As pressões sobre a legislação atual ocorrem também dentro do Congresso Nacional. O PL 3200/2015, de autoria do deputado Covatti Filho (PP-RS), altera toda a normatização e revoga a lei de 1989, criando uma legislação completamente diferente. A legislação atual submete o registro dos agrotóxicos a um órgão ambiental (Ibama), um órgão da Saúde (Anvisa) e ao Ministério da Agricultura. Pelo projeto de Covatti Filho, essa avaliação passaria a ser feito apenas por um órgão novo a ser criado, a CTNFito, nos moldes da CTNBio, com 23 membros nomeados pelo ministro da Agricultura. O projeto do deputado do PP também propõe a alteração da designação dos agrotóxicos que passariam a ser chamados de “defensivos fitossanitários” para “afastar a carga negativa”.

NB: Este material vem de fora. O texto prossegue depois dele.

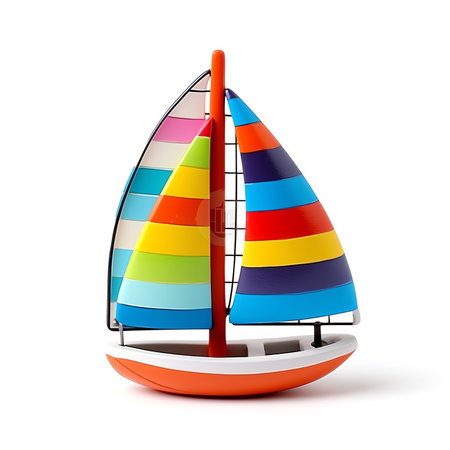 Generative AI : Sailing ship model isolated on white backgroundの素材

Licenciamento de depósitos de agrotóxicos
Outro debate que preocupa os ambientalistas é o da mudança dos critérios de licenciamento de depósitos de agrotóxicos. Esses critérios determinam as distâncias mínimas entre esses depósitos e residências, escolas, hospitais, creches, instalações para criações de animais e depósitos de alimentos. As distâncias previstas na legislação atual variam entre 30 e 100 metros dependendo do tamanho dos depósitos. No dia 9 de outubro, esse tema foi debatido no gabinete do vice-governador José Paulo Cairoli, com representantes do governo do Estado, do Ministério Público, da Associação Nacional dos Distribuidores de Insumos Agrícolas e Veterinários e da Federação da Agricultura do Rio Grande do Sul (Farsul), entre outras entidades.

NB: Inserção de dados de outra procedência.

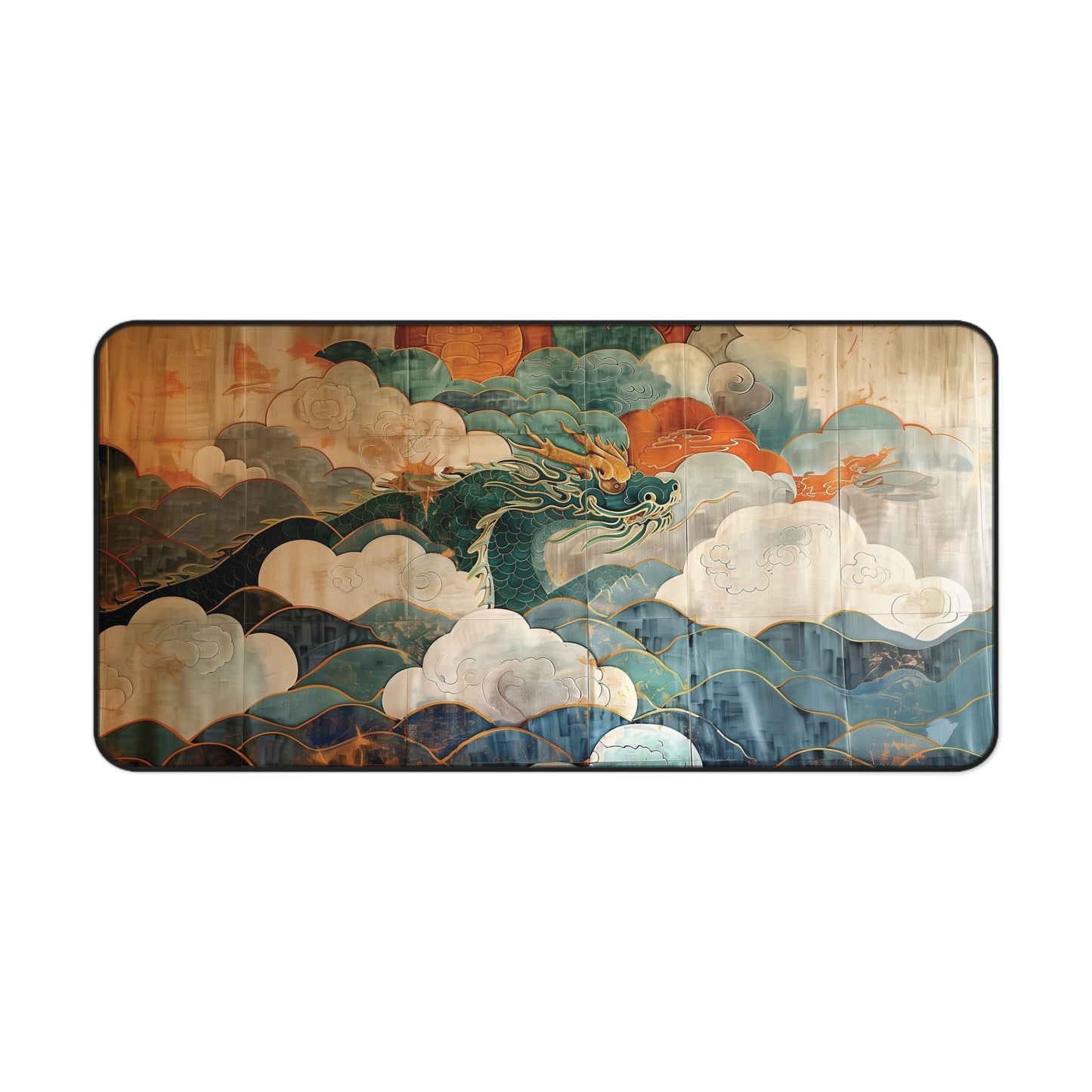 Dragon in Clouds Desk Mat | Eastern Mythology Design | Gaming & Office Decor | Neoprene | Anti-Slip | 3 Sizes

Na ocasião, foi apresentado um estudo sobre o distanciamento de segurança para esses depósitos, coordenado pelo Centro de Apoio Operacional de Defesa do Meio Ambiente (Caoma), do Ministério Público. A ideia é adotar critérios que permitam a análise caso a caso dos estabelecimentos comerciais. Na avaliação das entidades ambientalistas, essa possibilidade da análise “caso a caso” abre as portas para acabar com as atuais distâncias de proibição. Em texto encaminhado às autoridades envolvidas neste debate, o Movimento Roessler observa que mais de 90% dos depósitos de agrotóxicos do Rio Grande do Sul já se adequaram aos critérios de localização e possuem as respectivas licenças de operação. “Não há, pois, sentido em mudar estes critérios somente porque umas poucas empresas não querem cumpri-los”, acrescenta.

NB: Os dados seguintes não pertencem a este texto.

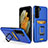 Custodia Silicone e Plastica Opaca Cover con Magnetico Anello Supporto J03S per Samsung Galaxy S22 5G Blu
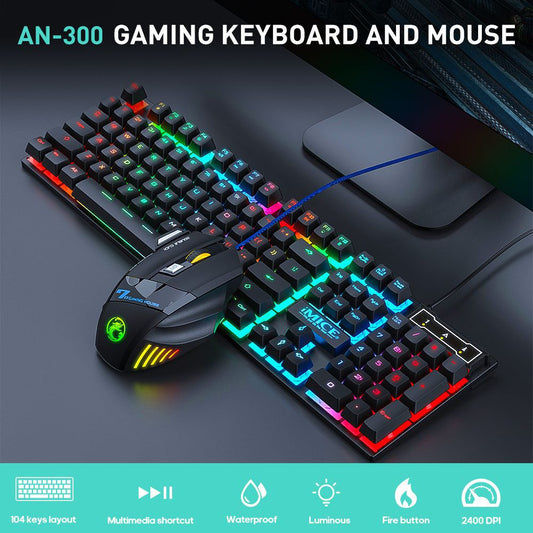 Wired gaming keyboard floating keycap rainbow backlit keyboard and mouse set AN-300 - Free Shipping - aurelia-clothing-8955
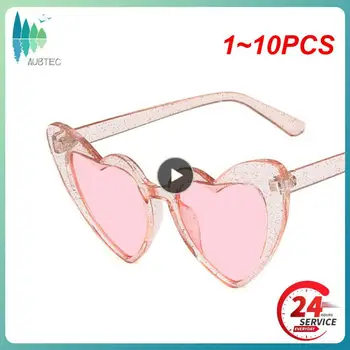 1-10 бр. Слънчеви очила във формата на сърце за жени, Модни слънчеви очила Love Heart, защитни очила UV400, Vintage слънчеви очила женски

Em maio deste ano, uma possível alteração da organização interna da Secretaria da Agricultura, Pecuária e Irrigação (SEAPI), extinguindo a Divisão de Insumos e Serviços Agropecuários (DISA) foi debatida em audiência pública na Assembleia Legislativa e mereceu uma nora de repúdio da Associação dos Fiscais Agropecuários (Afabro). A seção é responsável, entre outros temas, pela fiscalização do uso e do comércio de agrotóxicos. A Afabro enviou um ofício ao Centro de Apoio ao Consumidor do Ministério Público Estadual e ao Fórum Gaúcho de Combate ao Impacto dos Agrotóxicos alertando que a extinção da divisão teria como consequência a diminuição do poder de fiscalização dos agrotóxicos.